Der Mann ist kaum zu stoppen: „Die Briten kämpfen in Nordirland gegen die IRA, die sie für Terroristen halten. Sind die etwa jemals mit Panzern und Hubschraubern gegen die katholische Zivilbevölkerung vorgegangen? Nein!“ Der „Bloody Sunday“ von 1972, als britische Fallschirmjäger in Derry 14 Demonstranten erschossen, ist ihm kein Begriff. Er fährt fort: „Die Welt muss auch verstehen, dass nicht wir, sondern die Makedonier das Problem in Makedonien sind, weil die Makedonier nicht verstehen wollen, dass sie den Staat nicht allein für sich usurpieren können, weil hier nicht nur slawische Makedonier, sondern auch Albaner, Türken, Serben, Roma, Bulgaren und slawische Muslime leben. Es muss in Makedonien Gleichberechtigung geben.“ Das sei das Ziel des Kampfes der UÇK.

Warten auf die Nato

„Wird sich die UÇK entwaffnen lassen?“ – „Unter der Voraussetzung, dass tatsächlich die Verfassung geändert wird und ein ernsthafter Kompromiss zustande kommt.
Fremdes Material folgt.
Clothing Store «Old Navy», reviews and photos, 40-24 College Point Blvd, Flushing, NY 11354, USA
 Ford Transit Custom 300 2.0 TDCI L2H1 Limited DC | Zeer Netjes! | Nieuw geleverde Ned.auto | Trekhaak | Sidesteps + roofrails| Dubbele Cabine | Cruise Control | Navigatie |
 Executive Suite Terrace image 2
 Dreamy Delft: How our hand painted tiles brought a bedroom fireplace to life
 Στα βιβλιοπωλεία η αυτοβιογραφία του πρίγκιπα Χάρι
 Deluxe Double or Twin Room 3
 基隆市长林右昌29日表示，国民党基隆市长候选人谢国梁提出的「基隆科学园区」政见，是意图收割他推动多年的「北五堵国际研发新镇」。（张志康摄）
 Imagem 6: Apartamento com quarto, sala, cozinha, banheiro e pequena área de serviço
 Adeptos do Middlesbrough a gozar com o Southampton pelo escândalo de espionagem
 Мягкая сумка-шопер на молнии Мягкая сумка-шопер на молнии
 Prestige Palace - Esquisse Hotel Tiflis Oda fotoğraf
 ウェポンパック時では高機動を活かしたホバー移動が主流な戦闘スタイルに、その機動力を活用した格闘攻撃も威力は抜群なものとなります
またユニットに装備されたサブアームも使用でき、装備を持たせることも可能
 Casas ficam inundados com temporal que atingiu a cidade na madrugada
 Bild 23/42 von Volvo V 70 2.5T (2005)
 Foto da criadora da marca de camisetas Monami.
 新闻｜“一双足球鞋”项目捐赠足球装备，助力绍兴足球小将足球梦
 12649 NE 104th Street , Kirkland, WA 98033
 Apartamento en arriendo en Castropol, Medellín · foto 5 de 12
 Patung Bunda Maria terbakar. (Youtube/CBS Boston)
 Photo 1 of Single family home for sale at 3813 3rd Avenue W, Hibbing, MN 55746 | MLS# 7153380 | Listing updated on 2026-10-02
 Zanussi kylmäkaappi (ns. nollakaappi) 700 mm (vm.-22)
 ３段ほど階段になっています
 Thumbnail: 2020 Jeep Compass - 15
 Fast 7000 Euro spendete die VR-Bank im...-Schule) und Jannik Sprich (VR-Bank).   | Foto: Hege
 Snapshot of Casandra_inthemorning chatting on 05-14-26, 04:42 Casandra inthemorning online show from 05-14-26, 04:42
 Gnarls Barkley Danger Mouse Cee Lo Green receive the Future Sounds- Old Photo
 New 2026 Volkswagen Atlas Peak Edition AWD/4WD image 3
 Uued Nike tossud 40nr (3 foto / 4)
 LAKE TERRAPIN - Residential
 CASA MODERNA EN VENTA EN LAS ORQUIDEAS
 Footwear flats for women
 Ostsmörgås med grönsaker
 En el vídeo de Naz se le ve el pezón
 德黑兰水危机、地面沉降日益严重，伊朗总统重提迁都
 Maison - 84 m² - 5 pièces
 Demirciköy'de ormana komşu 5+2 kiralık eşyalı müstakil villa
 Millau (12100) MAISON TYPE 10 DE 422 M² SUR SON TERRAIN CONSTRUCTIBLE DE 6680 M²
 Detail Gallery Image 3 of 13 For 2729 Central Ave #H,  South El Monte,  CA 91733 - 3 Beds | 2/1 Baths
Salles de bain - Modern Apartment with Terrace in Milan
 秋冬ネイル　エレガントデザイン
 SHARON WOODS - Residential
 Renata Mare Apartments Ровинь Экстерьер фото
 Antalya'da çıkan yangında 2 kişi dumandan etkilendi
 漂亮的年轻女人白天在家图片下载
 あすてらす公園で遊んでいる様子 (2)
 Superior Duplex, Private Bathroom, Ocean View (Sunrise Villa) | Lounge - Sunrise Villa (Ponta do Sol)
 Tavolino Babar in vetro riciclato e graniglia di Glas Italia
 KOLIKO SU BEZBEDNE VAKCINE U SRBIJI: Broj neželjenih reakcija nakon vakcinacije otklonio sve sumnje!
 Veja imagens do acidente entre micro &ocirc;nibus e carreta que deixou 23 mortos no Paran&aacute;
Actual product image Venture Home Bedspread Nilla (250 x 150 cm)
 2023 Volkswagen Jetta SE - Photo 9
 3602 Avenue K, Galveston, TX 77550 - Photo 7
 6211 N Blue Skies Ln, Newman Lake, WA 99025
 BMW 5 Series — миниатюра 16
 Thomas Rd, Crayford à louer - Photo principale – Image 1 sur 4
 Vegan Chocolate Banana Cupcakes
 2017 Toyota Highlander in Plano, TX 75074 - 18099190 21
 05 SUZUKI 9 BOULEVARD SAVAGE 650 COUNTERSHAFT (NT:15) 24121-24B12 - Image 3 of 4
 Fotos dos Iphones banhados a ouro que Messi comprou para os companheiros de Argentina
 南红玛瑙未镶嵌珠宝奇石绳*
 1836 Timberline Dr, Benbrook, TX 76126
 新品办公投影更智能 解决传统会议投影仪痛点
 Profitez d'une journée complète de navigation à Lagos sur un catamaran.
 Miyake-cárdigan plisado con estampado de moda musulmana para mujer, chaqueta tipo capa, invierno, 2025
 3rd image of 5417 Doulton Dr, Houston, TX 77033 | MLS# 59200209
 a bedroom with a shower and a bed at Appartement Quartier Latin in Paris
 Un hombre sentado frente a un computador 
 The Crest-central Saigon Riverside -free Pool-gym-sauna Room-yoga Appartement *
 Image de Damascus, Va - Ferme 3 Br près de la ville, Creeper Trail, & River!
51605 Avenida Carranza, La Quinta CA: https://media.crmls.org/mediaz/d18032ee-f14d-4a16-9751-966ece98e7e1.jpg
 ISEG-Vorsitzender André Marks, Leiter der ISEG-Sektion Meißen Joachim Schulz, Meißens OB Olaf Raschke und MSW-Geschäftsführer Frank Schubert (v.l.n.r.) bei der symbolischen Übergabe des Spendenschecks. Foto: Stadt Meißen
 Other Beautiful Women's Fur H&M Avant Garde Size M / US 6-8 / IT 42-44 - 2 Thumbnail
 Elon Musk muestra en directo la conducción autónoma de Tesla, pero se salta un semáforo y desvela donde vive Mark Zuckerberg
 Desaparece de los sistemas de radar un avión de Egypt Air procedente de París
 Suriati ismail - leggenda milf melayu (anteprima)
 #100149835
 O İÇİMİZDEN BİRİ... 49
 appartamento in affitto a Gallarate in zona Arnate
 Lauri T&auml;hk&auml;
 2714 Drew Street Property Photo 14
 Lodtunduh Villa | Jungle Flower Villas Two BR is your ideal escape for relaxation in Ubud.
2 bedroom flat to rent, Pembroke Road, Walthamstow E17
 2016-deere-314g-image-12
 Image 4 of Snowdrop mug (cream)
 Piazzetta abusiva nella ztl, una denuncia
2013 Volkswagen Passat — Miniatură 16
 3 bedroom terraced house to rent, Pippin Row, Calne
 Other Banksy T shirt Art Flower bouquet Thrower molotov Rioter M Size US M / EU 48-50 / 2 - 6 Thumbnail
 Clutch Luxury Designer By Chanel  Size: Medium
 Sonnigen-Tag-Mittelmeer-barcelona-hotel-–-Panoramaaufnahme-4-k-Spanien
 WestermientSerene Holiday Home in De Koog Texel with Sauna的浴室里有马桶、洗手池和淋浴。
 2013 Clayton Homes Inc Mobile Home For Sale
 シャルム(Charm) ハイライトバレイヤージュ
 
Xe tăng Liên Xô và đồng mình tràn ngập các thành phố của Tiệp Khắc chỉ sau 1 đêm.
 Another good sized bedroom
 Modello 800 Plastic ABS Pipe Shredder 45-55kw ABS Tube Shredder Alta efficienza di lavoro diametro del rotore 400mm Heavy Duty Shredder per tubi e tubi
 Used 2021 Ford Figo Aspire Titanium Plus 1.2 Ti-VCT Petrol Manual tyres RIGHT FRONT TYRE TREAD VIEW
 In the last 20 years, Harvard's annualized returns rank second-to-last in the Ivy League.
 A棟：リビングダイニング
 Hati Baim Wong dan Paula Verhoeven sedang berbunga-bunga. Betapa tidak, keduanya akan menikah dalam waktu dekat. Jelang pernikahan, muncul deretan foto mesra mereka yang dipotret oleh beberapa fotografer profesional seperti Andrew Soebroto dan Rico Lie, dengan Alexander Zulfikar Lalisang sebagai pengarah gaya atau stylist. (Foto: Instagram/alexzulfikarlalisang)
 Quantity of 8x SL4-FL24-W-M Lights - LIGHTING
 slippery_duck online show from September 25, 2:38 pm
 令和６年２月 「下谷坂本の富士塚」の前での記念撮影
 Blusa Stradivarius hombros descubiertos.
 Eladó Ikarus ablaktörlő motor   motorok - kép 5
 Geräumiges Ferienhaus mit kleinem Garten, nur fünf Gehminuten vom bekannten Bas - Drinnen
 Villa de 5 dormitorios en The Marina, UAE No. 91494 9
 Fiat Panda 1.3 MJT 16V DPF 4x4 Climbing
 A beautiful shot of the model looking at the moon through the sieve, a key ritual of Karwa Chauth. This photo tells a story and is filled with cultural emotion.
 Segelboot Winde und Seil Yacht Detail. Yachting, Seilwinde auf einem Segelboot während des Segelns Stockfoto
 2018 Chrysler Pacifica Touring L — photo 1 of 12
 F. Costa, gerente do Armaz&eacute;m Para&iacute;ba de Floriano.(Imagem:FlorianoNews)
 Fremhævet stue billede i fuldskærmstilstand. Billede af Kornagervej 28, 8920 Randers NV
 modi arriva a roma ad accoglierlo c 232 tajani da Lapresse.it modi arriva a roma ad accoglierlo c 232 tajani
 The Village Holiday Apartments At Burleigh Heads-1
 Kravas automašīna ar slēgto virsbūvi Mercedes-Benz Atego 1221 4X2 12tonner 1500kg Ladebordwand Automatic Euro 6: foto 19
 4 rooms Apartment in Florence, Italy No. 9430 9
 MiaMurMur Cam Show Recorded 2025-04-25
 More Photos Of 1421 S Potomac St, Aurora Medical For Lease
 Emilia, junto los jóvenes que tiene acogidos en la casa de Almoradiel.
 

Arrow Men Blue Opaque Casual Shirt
Ich kann aber nicht offiziell sprechen. Ali Ahmeti [der Sprecher der UÇK; Anm. d. Red.] hat das der Nato zugesagt. Wir wollen, dass Nato-Truppen hier im Lande sind, und zwar für einen längeren Zeitraum. Die internationalen Vermittler sollen den politischen Prozess überwachen. Niemand will kämpfen, nur um zu kämpfen. Wir wollen ein normales Leben führen.“

Am Marktplatz von Tetovo sitzen noch immer die Kameraleute auf ihren Plätzen im Cafe des Hotels Makedonia. Und haben nach wie vor keinen einzigen UÇK-Kämpfer ausgemacht. Der Platz sieht nicht anders aus als vor drei Stunden. Junge Männer flanieren auf und ab, unterhalten sich. Vor Stunden könnten sie „oben“ bei ihren Kampfgenossen der UÇK gewesen sein.